In order to live in this hybrid paradigm we have to operate under the assumption that there is no inherent bias in the criminal justice system and that all judges operate without bias or wrongful discrimination. We’ll hold for applause.
The data used to fuel these black box systems is based on real cases. In order to create “clean data” we’d have to let algorithms make all the decisions in an untouched legal environment.
The framing trap basically says that, no matter how we look at a problem, machine learning can’t model things that have no mathematical basis. We need an additional frame in order to overcome this problem: a socio-technical frame. The proposed socio-technical frame takes those decisions made by humans and human institutions and encapsulates them as part of the algorithms overall design, thus addressing inherent bias.

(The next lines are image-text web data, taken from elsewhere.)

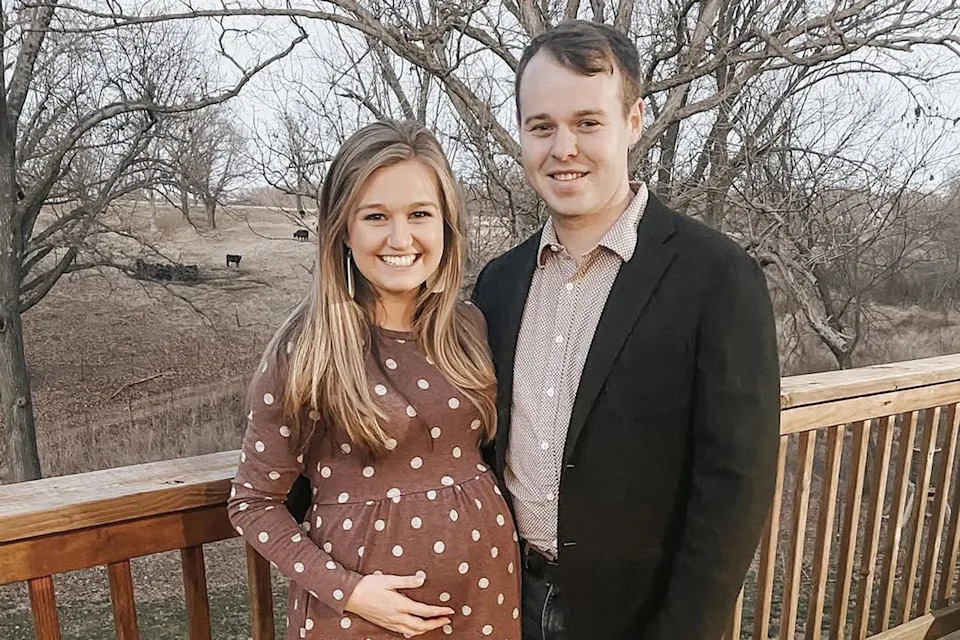 Kendra and Josh DuggarCredit: Joseph and Kendra Duggar/Instagram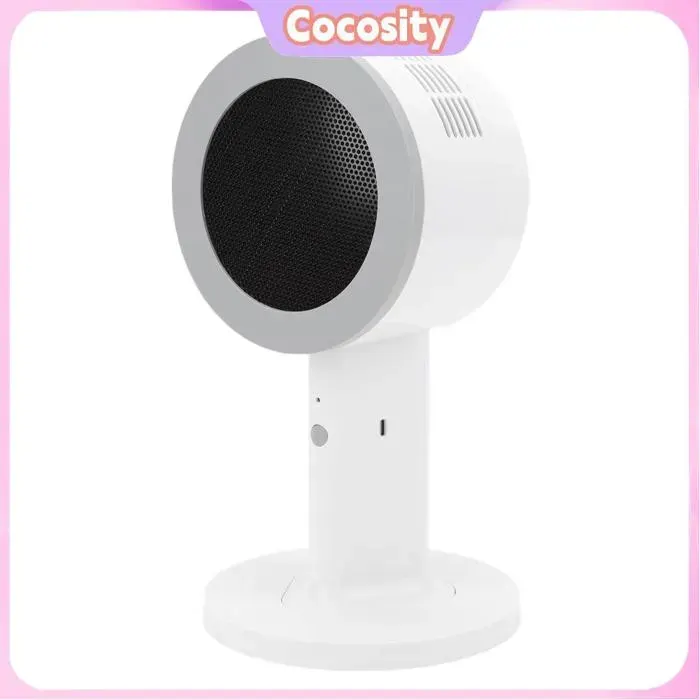 Hotte de cuisine portable ventilateur dextraction de bureau silencieux à 2 vitesses pour cuisine camping-car temps de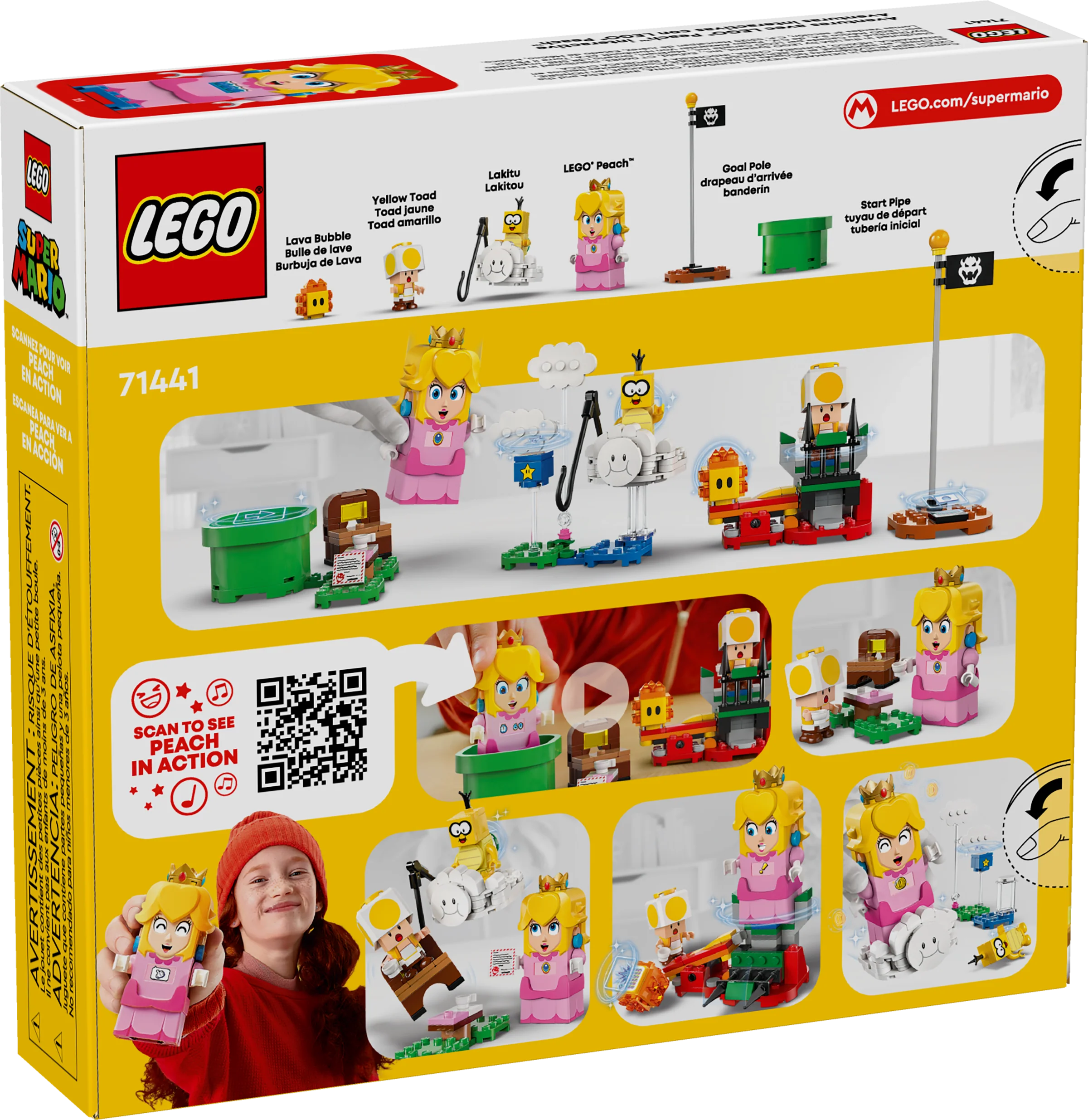 Adventures with Interactive LEGO Peach - Image 10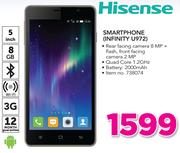 Hisense Smartphone Infinity U972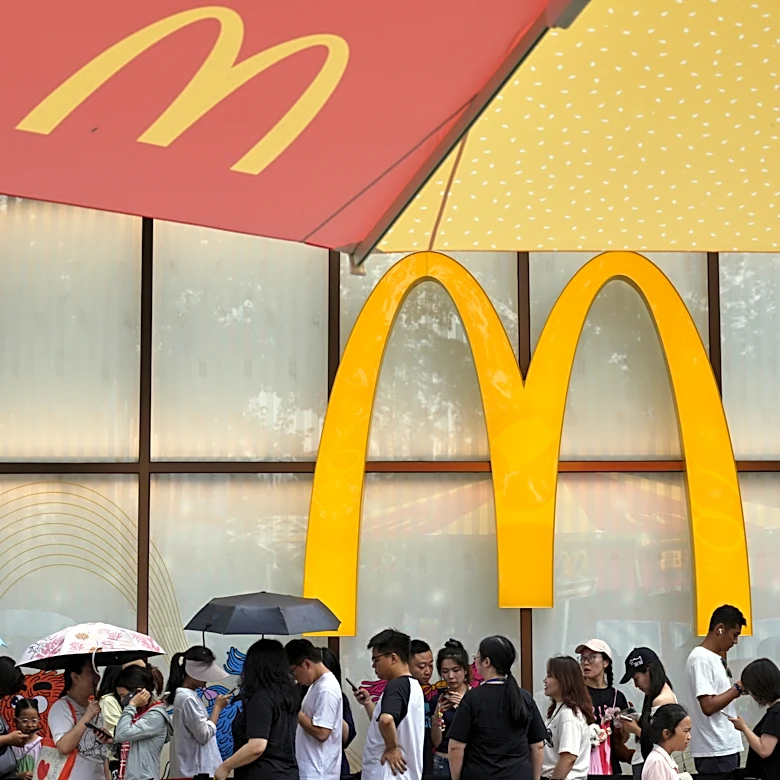 McDonald's plans $8.5 billion modernization by 2036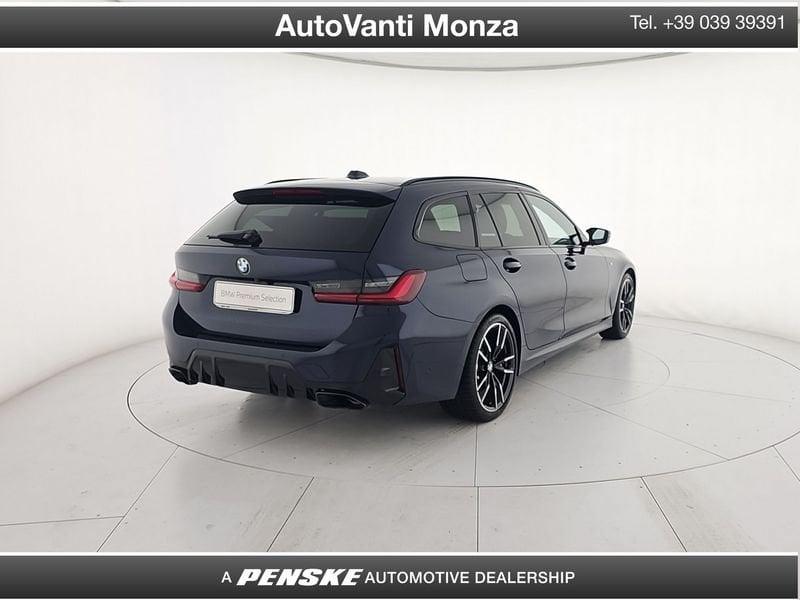 BMW Serie 3 M 340d 48V xDrive Touring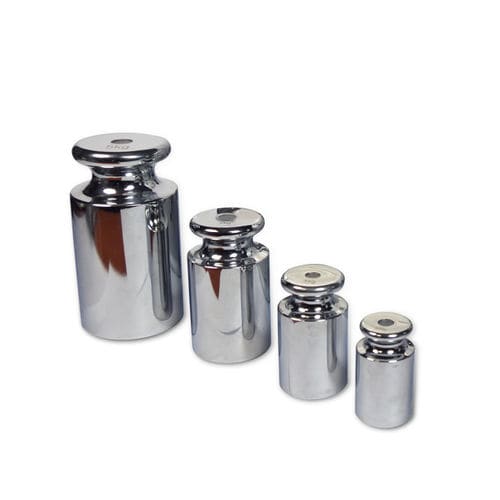 Peso di precisione - Chrome weights - GIROPES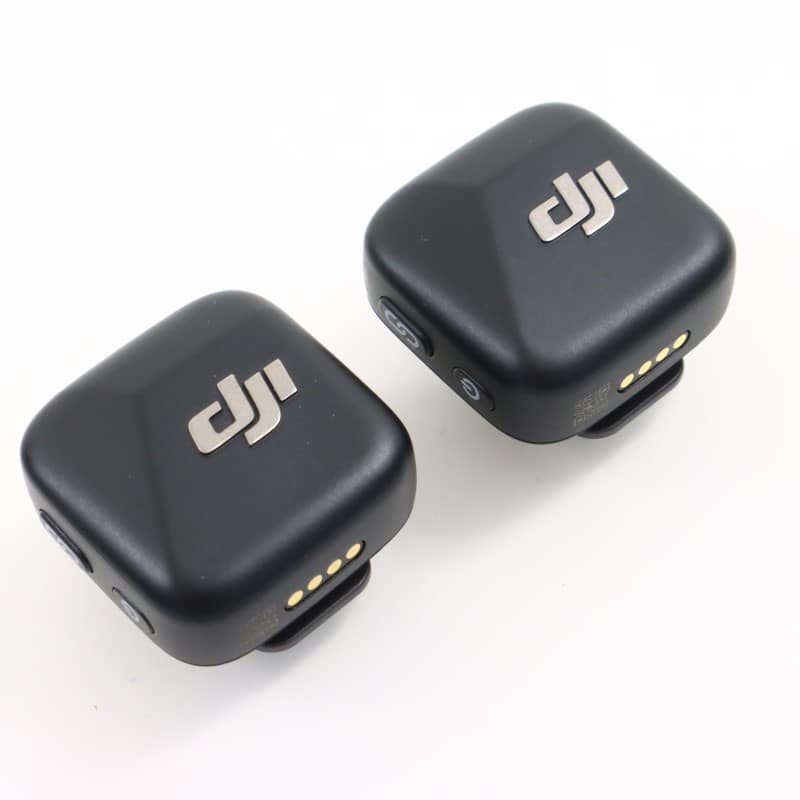 DJI Mic Mini(2 TX + 1 RX + 充電ケース) DM3005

And that brings us to the final trap: the “Portability Trap.” The others are small potatoes compared to this one. Portability is a deeply-ingrained measure of “cleanliness” in code. Developers pride themselves on writing “clean code” because it means they’ve found the most effective way to handle a difficult problem.
Basically, a good programmer makes a “box” and the client decides what to put in it. Think about this: you don’t order 10 boxes in the shape of a coffee cup to ship your “world’s greatest” mug collection. You get a box that’ll fit them all. And you can reuse that box later to store books, or human heads. But that’s the opposite of what the justice system should be doing. Determining whether a person should stay in jail until they’re proven innocent, or how many years they should stay if they’re found guilty, should take more than just consideration of the minimum amount of data a black box system can parse.
As the researchers put it:
Consider an automated resumé screen: we might be less concerned with false negatives than false positives because there is more filtering at the back end (the interview itself). Where false negatives end the process entirely, closing out particular candidates, the consequence of false positives is a little extra work for the employer. In the criminal justice context, however, we might be most concerned about equalizing false positives, which result in keeping people locked up and where disparities will further entrench a minority-dominated prisoner underclass
We need algorithms designed for the purpose when humans’ freedoms are being decided, not clean code ready to make whatever predictions an end-user wants.
Algorithms reinforce existing bias and introduce new biases if they don’t have socio-technical models to prevent each of the aforementioned traps. And it’s a safe bet to assume that none of the algorithms in use in US courtrooms have such a model in place because, as far as we know, they don’t exist yet.
You might be wondering how we’re supposed to fix the problem. The solution is easier than you think, as the researchers wrote:
In a standard computer science paper, this is where we would suggest technical solutions. But guided by our analysis, our main proposed “solution” is a focus on the process of determining where and how to apply technical solutions.
The researchers believe the solution involves critical evaluation and increased interaction between disciplines. Here at TNW, it seems to us, that the easiest way to fix the problem, for now, is by acknowledging algorithms in the criminal justice system are all probably biased, and removing them from our courthouses.
Edit 13:06 CST 2/7/2019: Added context. The “abandon algorithms” takeaway is the author’s own, and shouldn’t be confused with the intent of the research discussed in this piece.